I also do not consider social media as a news source.
But then, I am just a mean old man.
(you know, the kind that thinks men are men and women are women)
(1) antitrust and competition law; (2) privacy and consumer protection law; and (3) a careful balance of intermediary liability and intermediary immunity rules.
Naturally, Eugene went with the paths to massive lawyer fees, endless litigation, with no firm conclusions, and worthless, failed methods that achieve no benefit to the public, just to lawyers. Anti-trust may not even be constitutional.
Disappointed.
Comment section in an online blog where people can talk to each other and post links = Social Media.
"The current economic incentives of social media companies hinder them from playing this crucial role and lead them to adopt policies and practices that actually undermine the health and vibrancy of the digital public sphere."
Ah, so we're going to pretend they're doing the censorship out of ordinary capitalist motives, that they've somehow decided pissing off half their customer base is a route to enhanced profits. That they're not being semi-covertly pressured, or have become monopolists that can afford to jerk around their customers. It's just coincidence that all the big platforms agree about what to censor, and that alternative platforms face enormous and apparently orchestrated obstacles to their operation.
Jack then goes on to sensibly make a case for payment processors and technical support needing to be common carriers, though it's less based on censorship being bad, than their being bad at censorship. But, then:
"Instead, content moderation should occur in social media and search engines. In fact, for these services, content regulation is inevitable. Since it is inevitable, that’s where you should do it."
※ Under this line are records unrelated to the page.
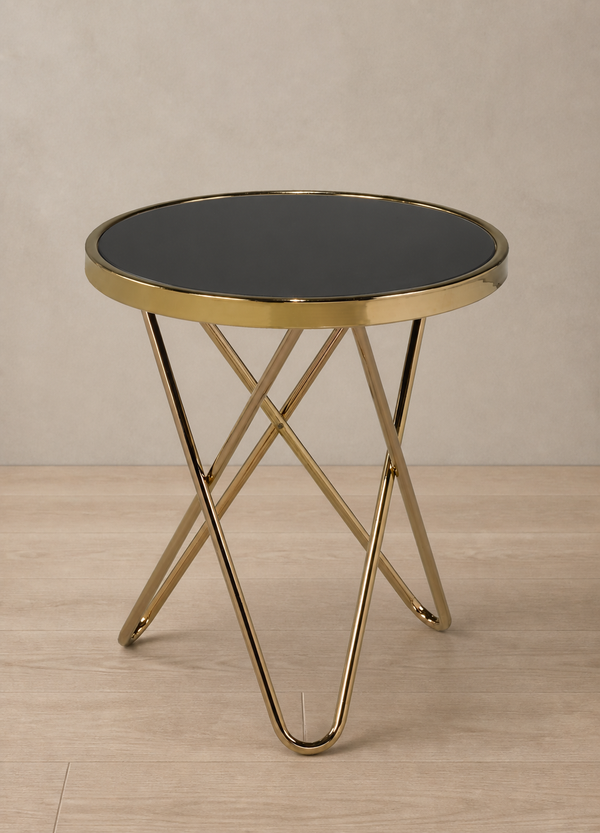 Xavier Accent Table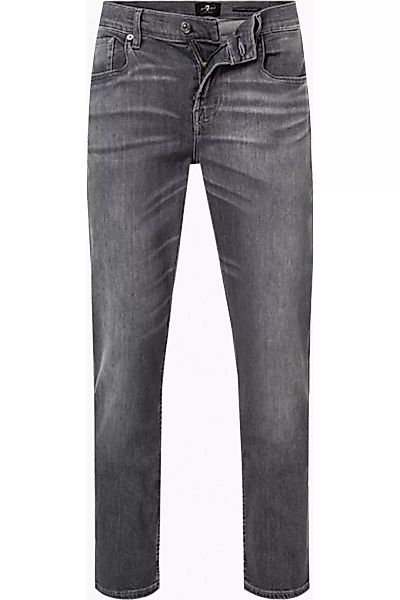 7 for all mankind Jeans Slimmy grey JSMXR860TW günstig online kaufen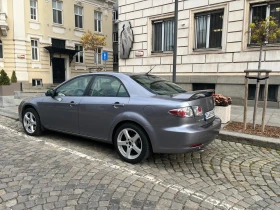 Mazda 6 2.3 LPG | Auto.bg — изображение 9 Mazda 6 2.3 LPG | Auto.bg — изображение 9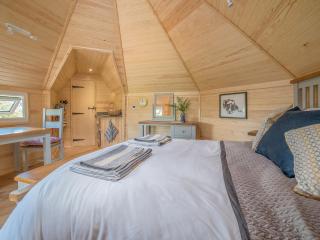 Dol Y Mynydd The Mountain Meadow - Cottage - Llangerniew - 2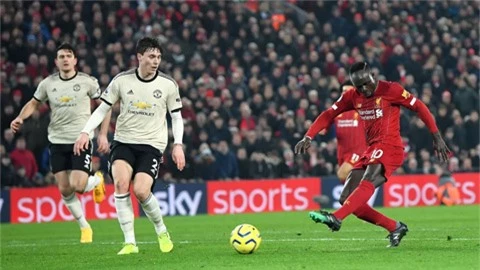 Bốc thăm vòng 4 FA Cup: M.U đấu với Liverpool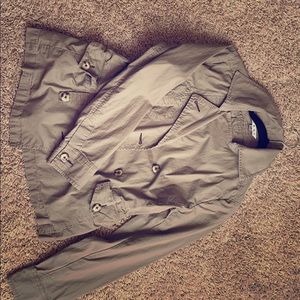 It’s a CAbi Utility jacket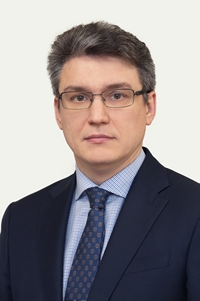 Дубовицкий Сергей Михайлович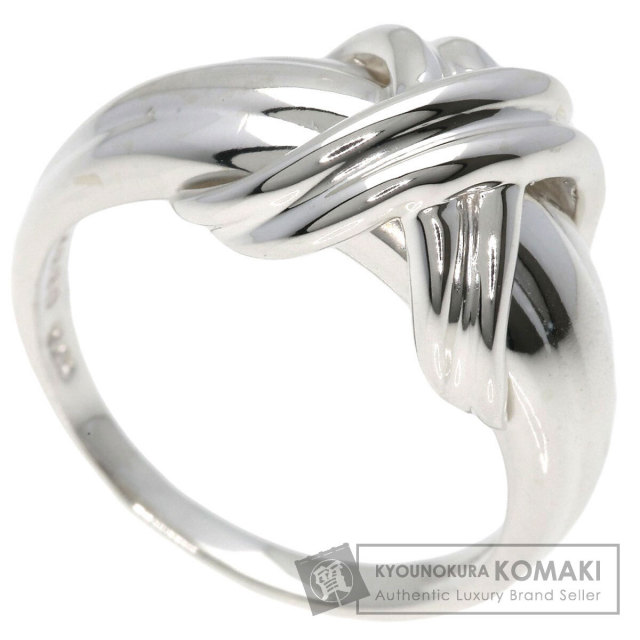 ティファニー リング・指輪 シグネチャー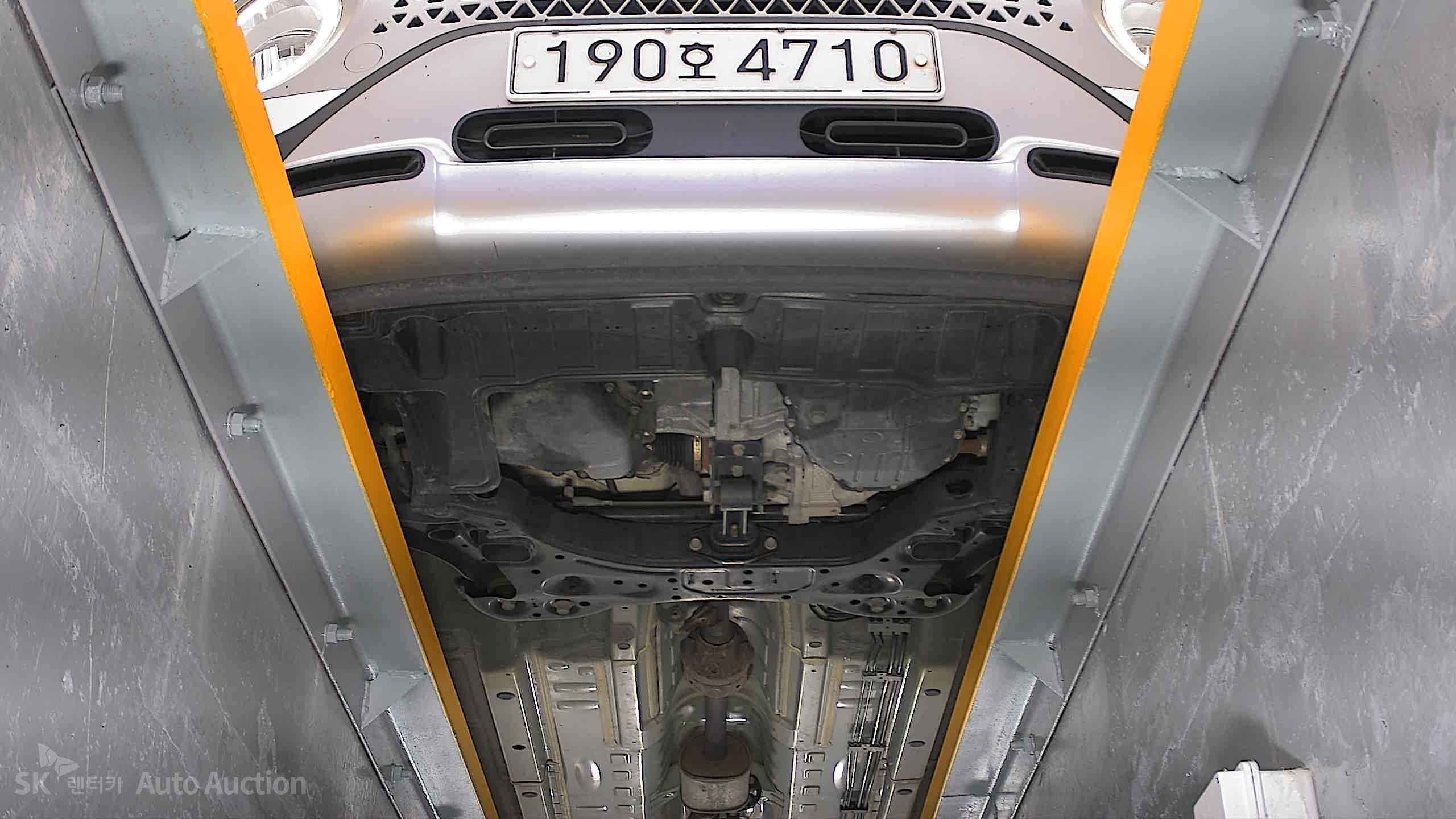 2023 - hyundai casper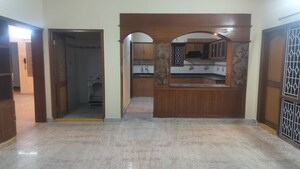 3 BHK Apartment – Exterior View View at Banjara Hills - for Rent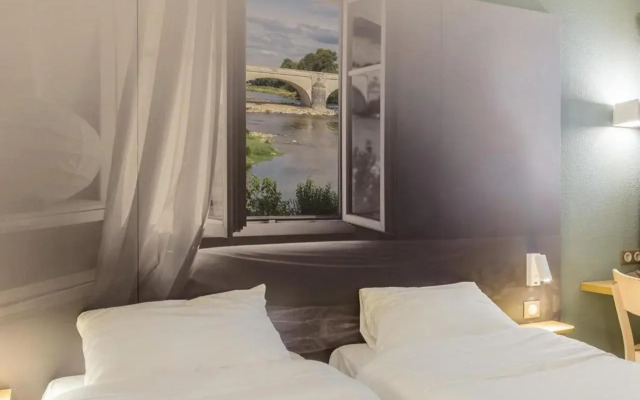 B&B HOTEL DIJON Les Portes du Sud (Acti-Sud)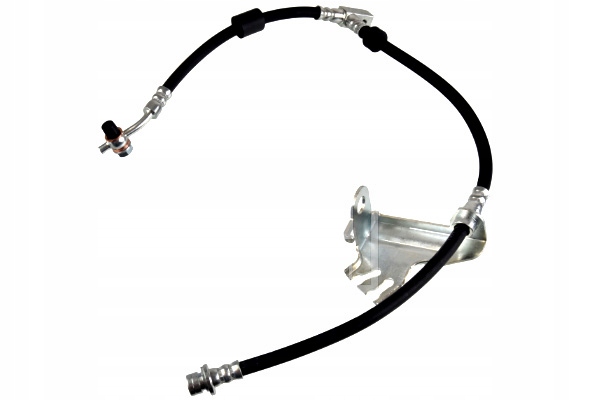 фото №2, Шланг гальмівний гнучкий перед l land rover discovery v range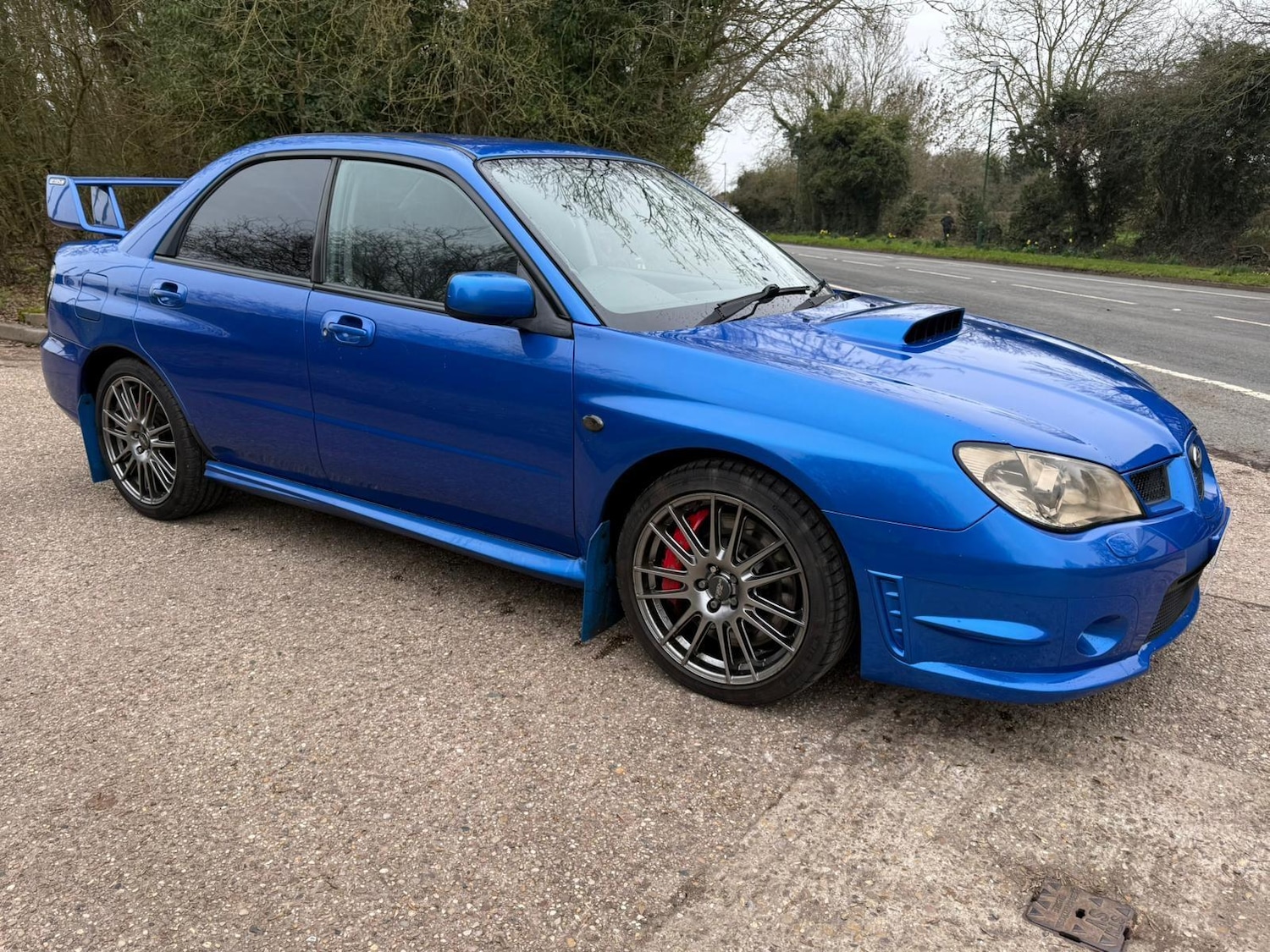 Used Subaru Impreza 2008 for sale - 78185647: Photo 31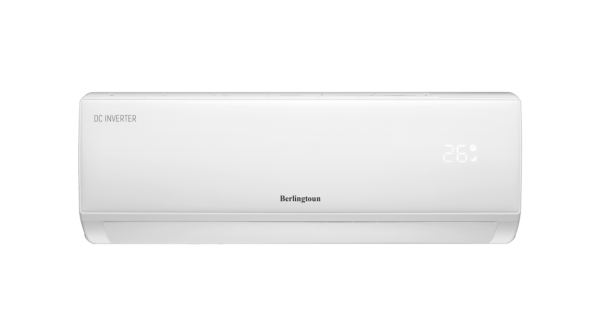 Настенный кондиционер (сплит-система) Berlingtoun BR-07TIN1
I'm not seeing why content moderation in social media and search engines actually is inevitable. Since search engines, functioning properly, only show you what you're asking to see, why do they have to "curate" what requests they'll competently respond to? Beyond responding to legal issues like actionable defamation and child pornography, why do social media have to curate, either? In general, you have to go out of your way to be exposed to particular content on social media; If you're seeing white or black supremacism, or what have you, it's because you sought it out.
I think the mistake Jack is making is that he hasn't realized that the people running social media companies by and large have stopped being in it just for the money, even if they did start out that way. Eventually they reached the point where they were comfortably well off, and became willing to sacrifice additional financial reward for other sorts of rewards, such as the opportunity to manipulate public opinion in directions they liked.
Today, manipulating public opinion, and thus electoral outcomes, has become the primary form of 'profit taking' by owners of social media companies. Jack doesn't seem to see that.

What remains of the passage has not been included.